WHAT YOU WILL DO ▸
All of the entries need to be printed again exactly; pictures are the only thing to omit.
○ ○ ○ ○
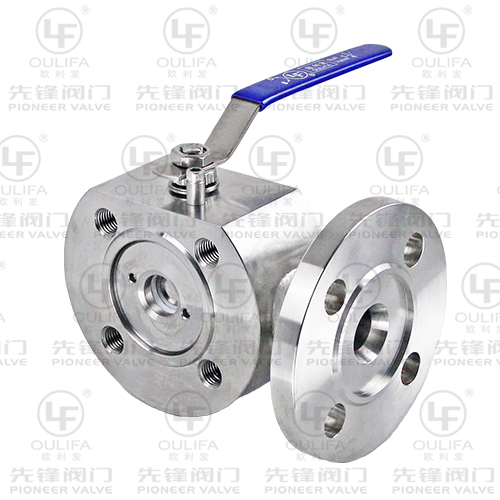 Wafer Type Three Way Ball Valve SQ74F-16P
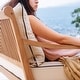 preview thumbnail 10 of 21, Cambridge Casual Chara Teak Outdoor Daybed with Cushion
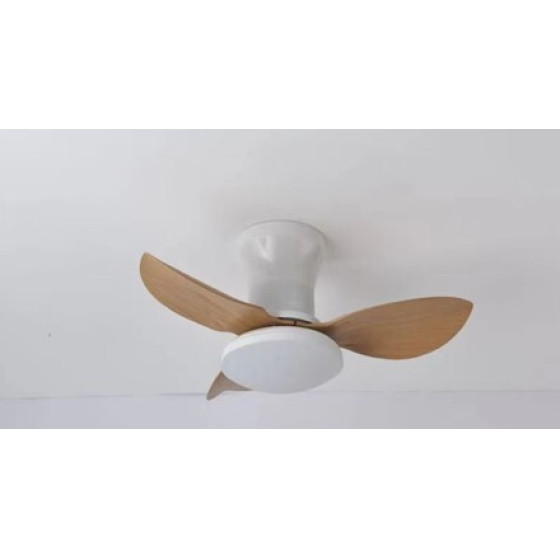 Homelighting Se Led F65 Adam WHITE-Light Brown Fan 30W*2 Smart With Control 65x65x20cm 3000k-6500k 85-265V 2 - (77-50627)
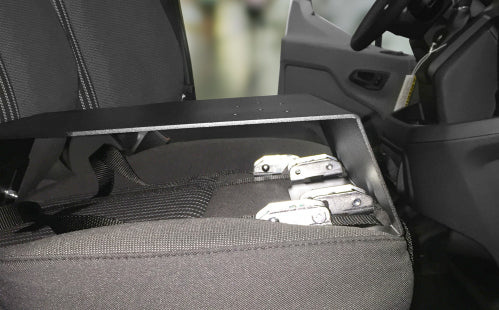 Gamber-Johnson Fahrzeug-Dock für Sitzmontage – Aluminium, 2,6 kg – Schwarz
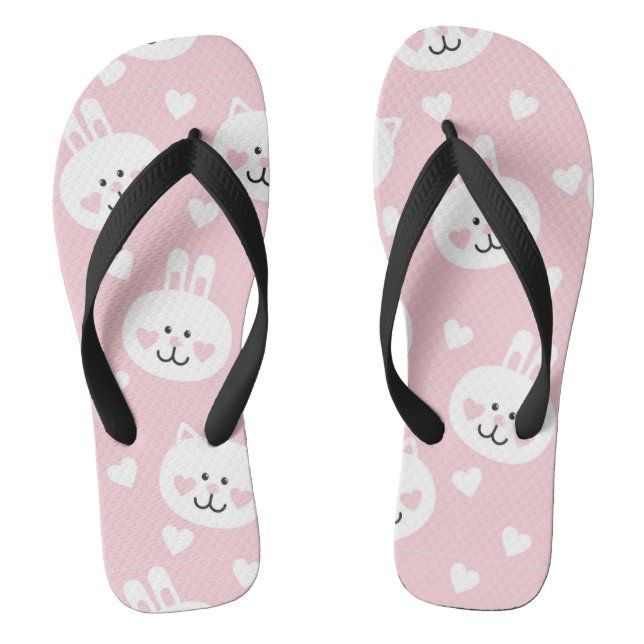 Liebe Muster 2 Flip Flops (Fußbett)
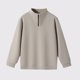 thumbnail image 1 of Ailaofu Women Half Zip Hoodie Sleeve Sweatshirt Casual for Daily Wear Comfortable Material Stylish Autumn Fashion for Teens Grey, 1 of 4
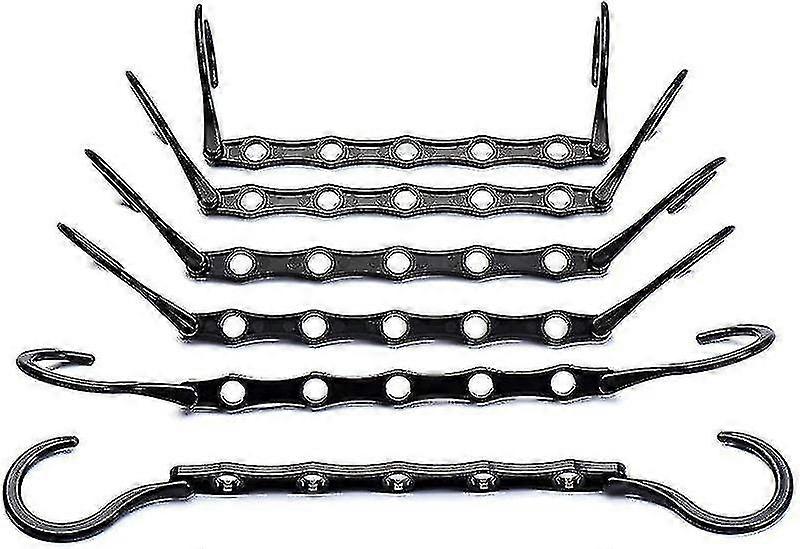 10pcs Windproof Five-hole Magic Hanger Multifunctional Plastic Hanger Foldable Rotating Five-in-one Hanger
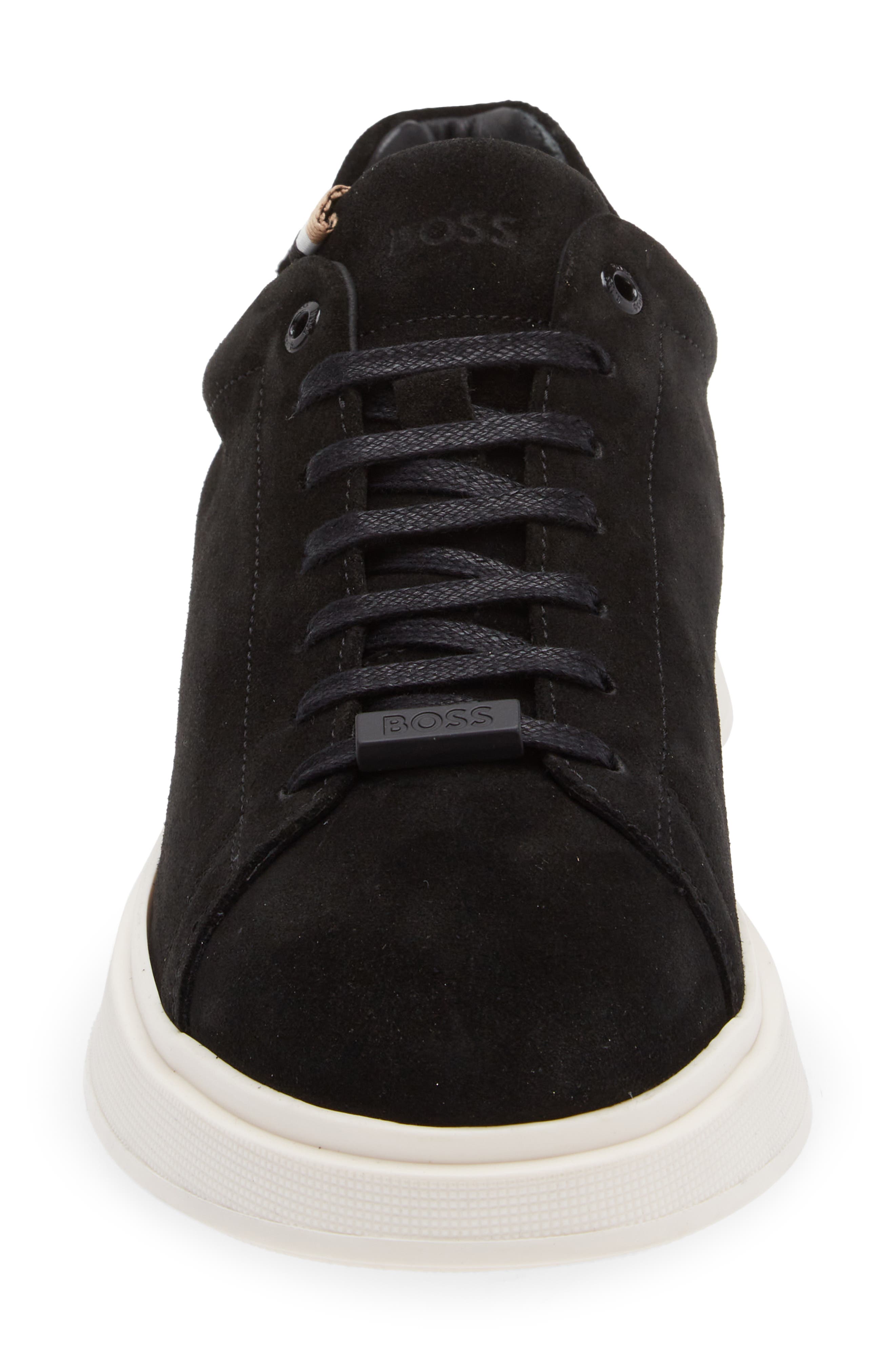 Bulton Sneaker, Alternate, color, BLACK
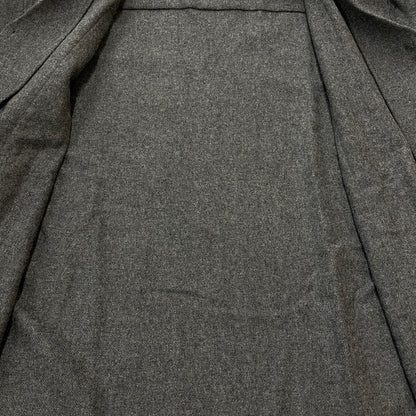 【中古品】【メンズ】 schott ショット LINE 2TONE L/S WOOL SHIRT 782-3220008ライン ツートーン ロングスリーブ ウール シャツ 長袖 トップス 145-260123-ks-14-tei サイズ：XL カラー：チャコールグレー 万代Net店
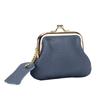 Cow Leather Kiss Lock Leather Wallet Keys/Lipsticks/Earphone Small Item Bag Mini Coin Purse  Women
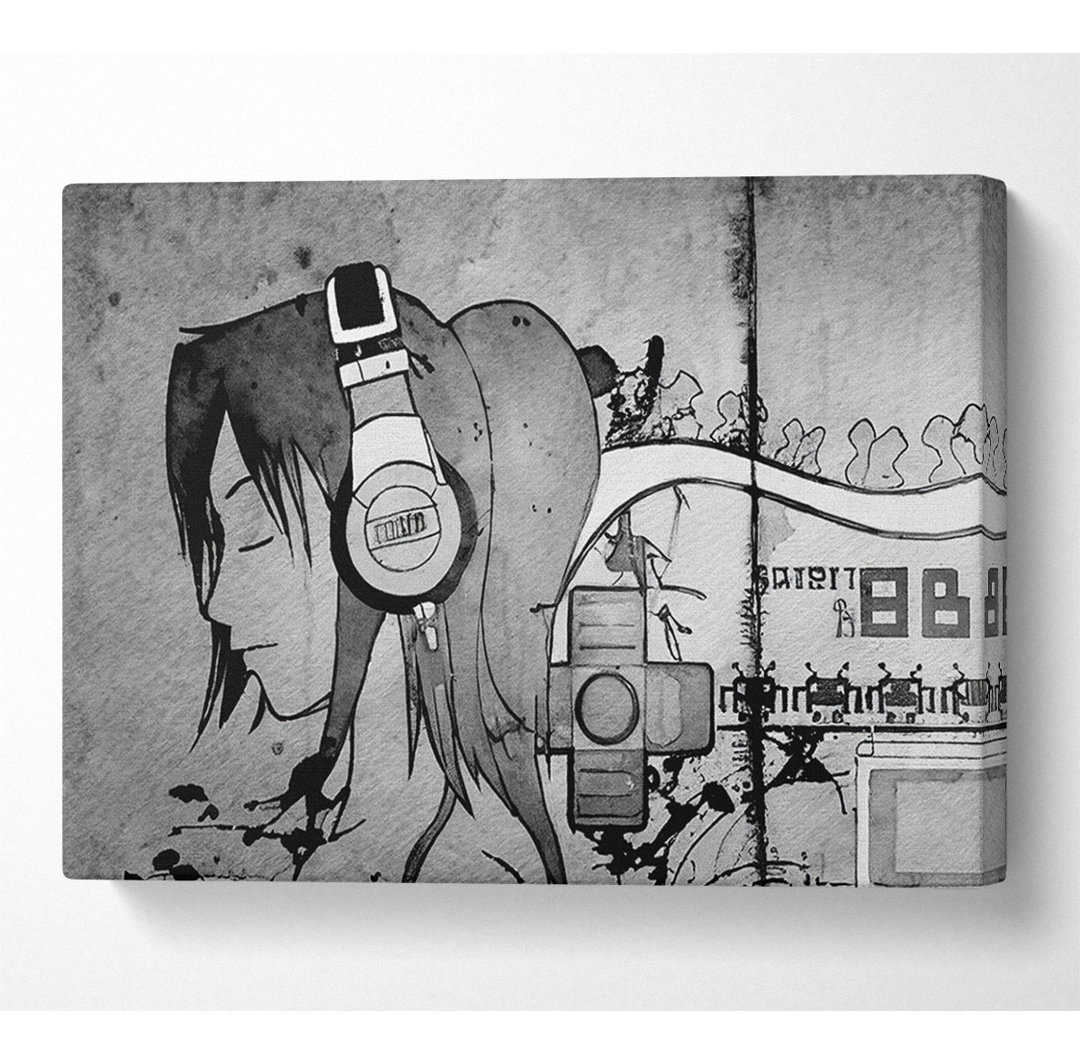 Stereo Sounds - Kunstdrucke auf Leinwand - Wrapped Canvas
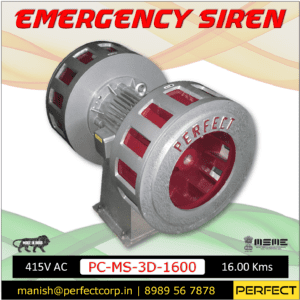 PC-MS-3D-1600 16 km Siren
○ ○ ○ ○
TASK RESPONSE ▸
 Wafer Type Three Way Ball Valve SQ74F-16P
 preview thumbnail 10 of 21, Cambridge Casual Chara Teak Outdoor Daybed with Cushion
 Homelighting Se Led F65 Adam WHITE-Light Brown Fan 30W*2 Smart With Control 65x65x20cm 3000k-6500k 85-265V 2 - (77-50627)
 Gamber-Johnson Fahrzeug-Dock für Sitzmontage – Aluminium, 2,6 kg – Schwarz
 Liebe Muster 2 Flip Flops (Fußbett)
 thumbnail image 1 of Ailaofu Women Half Zip Hoodie Sleeve Sweatshirt Casual for Daily Wear Comfortable Material Stylish Autumn Fashion for Teens Grey, 1 of 4
 10pcs Windproof Five-hole Magic Hanger Multifunctional Plastic Hanger Foldable Rotating Five-in-one Hanger
 Bulton Sneaker, Alternate, color, BLACK
 【中古品】【メンズ】 schott ショット LINE 2TONE L/S WOOL SHIRT 782-3220008ライン ツートーン ロングスリーブ ウール シャツ 長袖 トップス 145-260123-ks-14-tei サイズ：XL カラー：チャコールグレー 万代Net店
 Cow Leather Kiss Lock Leather Wallet Keys/Lipsticks/Earphone Small Item Bag Mini Coin Purse  Women
 Stereo Sounds - Kunstdrucke auf Leinwand - Wrapped Canvas
 PC-MS-3D-1600 16 km Siren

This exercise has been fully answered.